Caro Jamildo, Venho através deste email relatar o que anda acontecendo diariamente na saúde do nosso estado, através do seu blog pois vejo que é uma das poucas, pra não dizer única forma que o cidadão tem para expressar seu desespero.

Há pouco tempo a classe médica provocou um movimento de demissão em massa na tentativa de provocar o governo a sair do seu ostracismo e tomasse medidas mais urgentes e eficazes em relação a saúde pública.

Os mais interessados sabem que o desfecho foi um acordo entre as entidades médicas e o governo, com várias rubricas no documento com exceção do senhor secretário de saúde.

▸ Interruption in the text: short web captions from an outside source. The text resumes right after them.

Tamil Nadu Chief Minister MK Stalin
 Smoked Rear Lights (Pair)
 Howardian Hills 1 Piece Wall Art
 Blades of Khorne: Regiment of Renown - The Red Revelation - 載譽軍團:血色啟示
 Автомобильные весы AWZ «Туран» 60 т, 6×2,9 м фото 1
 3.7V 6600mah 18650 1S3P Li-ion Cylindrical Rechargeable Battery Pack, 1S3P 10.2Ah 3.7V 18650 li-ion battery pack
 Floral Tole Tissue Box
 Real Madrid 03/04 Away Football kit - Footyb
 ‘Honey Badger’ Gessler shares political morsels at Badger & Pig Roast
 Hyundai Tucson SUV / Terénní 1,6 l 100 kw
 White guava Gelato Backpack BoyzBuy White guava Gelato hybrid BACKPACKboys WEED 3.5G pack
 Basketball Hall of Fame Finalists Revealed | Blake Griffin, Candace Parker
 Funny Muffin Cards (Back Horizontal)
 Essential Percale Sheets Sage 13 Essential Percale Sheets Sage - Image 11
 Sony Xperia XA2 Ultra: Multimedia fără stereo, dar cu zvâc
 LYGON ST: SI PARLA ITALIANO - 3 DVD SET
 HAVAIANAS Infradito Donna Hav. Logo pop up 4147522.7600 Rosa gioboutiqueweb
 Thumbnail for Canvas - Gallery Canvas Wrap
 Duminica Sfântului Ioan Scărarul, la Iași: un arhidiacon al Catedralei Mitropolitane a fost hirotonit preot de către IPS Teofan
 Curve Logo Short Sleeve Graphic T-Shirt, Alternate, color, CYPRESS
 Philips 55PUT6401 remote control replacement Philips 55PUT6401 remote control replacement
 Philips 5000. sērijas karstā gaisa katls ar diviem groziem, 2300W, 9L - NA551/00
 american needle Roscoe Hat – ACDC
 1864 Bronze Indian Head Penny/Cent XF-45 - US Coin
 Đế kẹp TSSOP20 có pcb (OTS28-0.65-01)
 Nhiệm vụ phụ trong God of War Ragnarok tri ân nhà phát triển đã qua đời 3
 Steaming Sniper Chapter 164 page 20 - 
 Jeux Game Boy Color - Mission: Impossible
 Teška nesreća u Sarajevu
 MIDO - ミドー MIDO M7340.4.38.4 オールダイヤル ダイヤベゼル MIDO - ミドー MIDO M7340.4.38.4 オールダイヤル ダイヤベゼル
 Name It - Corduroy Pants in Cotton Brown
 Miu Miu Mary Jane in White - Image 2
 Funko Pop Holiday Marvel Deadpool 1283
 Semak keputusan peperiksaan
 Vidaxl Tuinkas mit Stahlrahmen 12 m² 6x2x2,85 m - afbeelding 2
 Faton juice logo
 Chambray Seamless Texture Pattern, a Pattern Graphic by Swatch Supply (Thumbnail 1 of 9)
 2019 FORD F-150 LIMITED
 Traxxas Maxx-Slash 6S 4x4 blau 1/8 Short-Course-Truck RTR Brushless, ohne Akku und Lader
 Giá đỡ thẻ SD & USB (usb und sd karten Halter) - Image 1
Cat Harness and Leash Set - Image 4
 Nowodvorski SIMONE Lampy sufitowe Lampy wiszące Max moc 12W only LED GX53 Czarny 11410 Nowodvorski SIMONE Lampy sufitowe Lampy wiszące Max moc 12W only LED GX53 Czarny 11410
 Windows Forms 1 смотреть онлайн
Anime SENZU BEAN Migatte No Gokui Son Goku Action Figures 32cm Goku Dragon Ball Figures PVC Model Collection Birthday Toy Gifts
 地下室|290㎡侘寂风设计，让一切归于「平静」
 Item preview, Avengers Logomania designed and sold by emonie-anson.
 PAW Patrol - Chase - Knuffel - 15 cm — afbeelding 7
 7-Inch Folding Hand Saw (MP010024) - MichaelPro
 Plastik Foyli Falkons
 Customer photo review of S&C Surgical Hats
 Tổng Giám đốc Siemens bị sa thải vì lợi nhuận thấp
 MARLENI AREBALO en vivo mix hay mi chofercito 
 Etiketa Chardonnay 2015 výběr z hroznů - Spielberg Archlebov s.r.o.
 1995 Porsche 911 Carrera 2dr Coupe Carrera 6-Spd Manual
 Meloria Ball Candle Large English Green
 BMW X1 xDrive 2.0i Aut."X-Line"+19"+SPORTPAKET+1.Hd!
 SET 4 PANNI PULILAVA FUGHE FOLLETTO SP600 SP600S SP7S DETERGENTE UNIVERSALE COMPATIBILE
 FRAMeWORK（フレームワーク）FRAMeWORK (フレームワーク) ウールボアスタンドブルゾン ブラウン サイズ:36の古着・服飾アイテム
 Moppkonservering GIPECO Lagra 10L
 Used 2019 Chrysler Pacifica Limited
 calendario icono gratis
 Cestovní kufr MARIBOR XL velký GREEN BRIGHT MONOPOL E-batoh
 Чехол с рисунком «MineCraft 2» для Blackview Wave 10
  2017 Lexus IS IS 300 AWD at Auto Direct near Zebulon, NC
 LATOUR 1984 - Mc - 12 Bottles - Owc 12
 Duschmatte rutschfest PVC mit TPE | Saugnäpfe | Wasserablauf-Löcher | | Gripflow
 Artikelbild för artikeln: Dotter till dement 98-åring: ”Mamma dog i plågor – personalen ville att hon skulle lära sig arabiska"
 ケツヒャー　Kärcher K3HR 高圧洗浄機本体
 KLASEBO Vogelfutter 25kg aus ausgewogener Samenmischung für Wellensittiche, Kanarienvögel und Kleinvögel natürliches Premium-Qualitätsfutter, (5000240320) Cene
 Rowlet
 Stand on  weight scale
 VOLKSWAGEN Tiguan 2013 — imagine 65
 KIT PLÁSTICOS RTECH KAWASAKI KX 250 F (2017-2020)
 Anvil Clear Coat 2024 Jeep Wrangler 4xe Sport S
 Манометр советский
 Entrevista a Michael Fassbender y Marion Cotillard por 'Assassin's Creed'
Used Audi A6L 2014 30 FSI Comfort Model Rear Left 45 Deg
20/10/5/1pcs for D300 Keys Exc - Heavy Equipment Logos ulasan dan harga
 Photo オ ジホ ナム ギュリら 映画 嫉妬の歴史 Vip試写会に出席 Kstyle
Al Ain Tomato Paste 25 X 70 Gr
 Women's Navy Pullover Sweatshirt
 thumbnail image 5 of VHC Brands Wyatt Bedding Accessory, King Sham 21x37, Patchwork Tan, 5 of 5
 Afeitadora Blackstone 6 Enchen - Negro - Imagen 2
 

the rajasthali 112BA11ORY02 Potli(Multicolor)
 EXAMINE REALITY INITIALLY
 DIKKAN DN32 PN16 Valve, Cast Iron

Este acordo, em resumo, previa, além do reajuste salarial a perder de vista, várias medidas emergenciais e outras a médio prazo, além de que uma “junta” de representantes das partes iria se instalar para avaliar e executar medidas para melhorar a saúde.

Pois bem, o caos ainda está instalado.

Mas isto não provoca mais indignação do que eu já tinha antes.

O que provoca é a veiculação de campanhas publicitárias mostrando a saúde da Bélgica, como se fosse a daqui!

Cito o exemplo do Hospital da Restauração.

Lá chegam os pacientes mais graves de trauma de Pernambuco, por se tratar de um hospital de alta complexidade.

Como a UTI está sempre lotada, ficam pacientes necessitando de ventilação artificial por máquinas, jogados pelos cantos do Hospital.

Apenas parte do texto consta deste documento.